Indonesia has announced that the number of children with acute kidney failure has reached 324 after eating syrups containing harmful substances, of which 195 have died and 27 are still in hospital. The new balance sheet was published this Monday by the country’s Ministry of Health (7).
Indonesia has seen an increase in cases of acute kidney failure since August, leading to an extensive ban on sales and prescriptions of syrups and liquid drugs and an investigation.
Mohammad Syahril, spokesman for the Ministry of Health, said at a press conference that most of the victims were children under the age of five. The previous figure was 133 deaths as of October 21.
“Tests found that most of the deaths were attributed to syrups contaminated with excessive amounts of ethylene glycol and diethylene glycol, two chemicals used in industrial products,” Syahril said. Said.
So far, health authorities have imported 246 bottles of the antidote for patients, most of them supplied by Singapore and Australia. The Ministry of Health said these drugs have shown significant results.
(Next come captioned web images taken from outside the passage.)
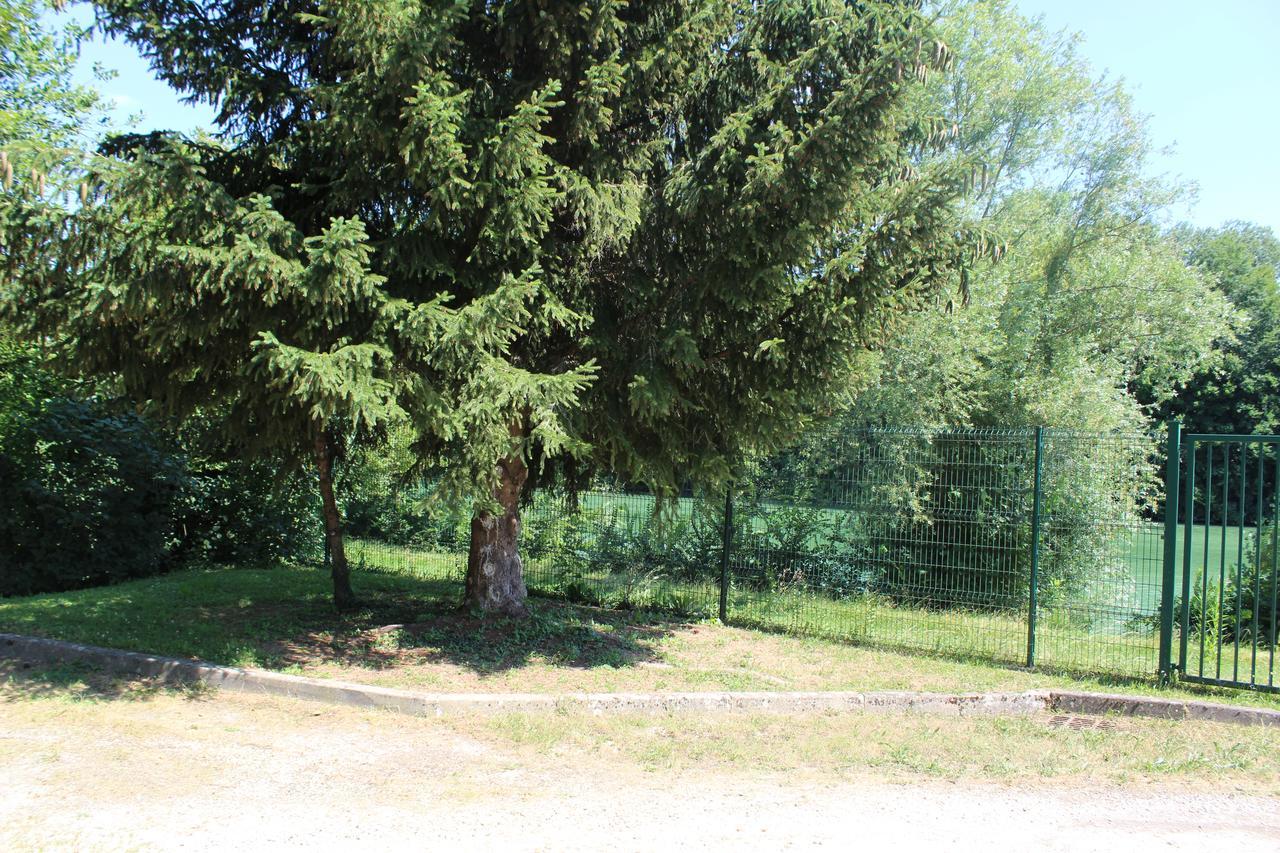 Hotel Chateau-Thierry Centre Esterno foto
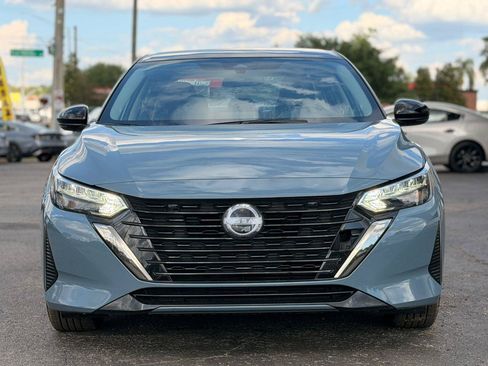 Used 2025 Nissan Sentra SR FWD image 3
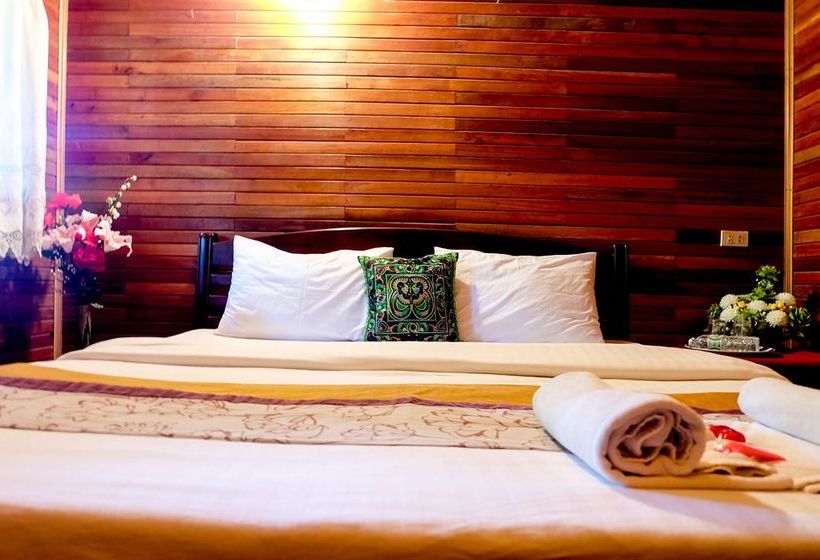 Hotel The Lion Resort 12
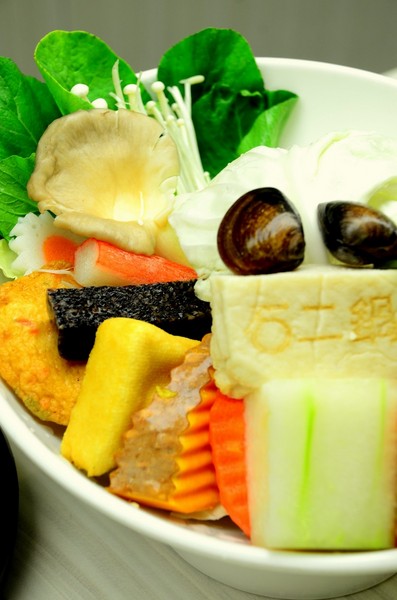 石二鍋(台北家樂福桂林店)：【美食。臺北】就算天氣再熱，秋老虎再威猛，我也要吃！ ❤石二鍋❤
Last month, the Indonesian Food and Drug Surveillance Authority (BPOM) named five syrups containing dangerously harmful ingredients and ordered that the products be removed from the market and destroyed.
The agency soon announced a list of 156 contamination-free syrups and asked parents and healthcare professionals not to use other liquid medicines that are not on this list.
police case
Police launched an investigation against three local pharmaceutical companies. Two of them temporarily lost their license to manufacture medicinal syrups.
Prior to this event, the Ministry of Health was treating two or five cases of acute renal failure per month.
Indonesia announced this increase in deaths shortly after a similar tragedy occurred in the West African city of Gambia, where 66 child deaths were recorded and an investigation was launched to determine whether these deaths were linked to imported syrups.
Earlier in October, the World Health Organization (WHO) announced that it had found “unacceptable amounts” of diethylene glycol and ethylene glycol in four Indian cough syrups that played a role in the deaths of these children in The Gambia.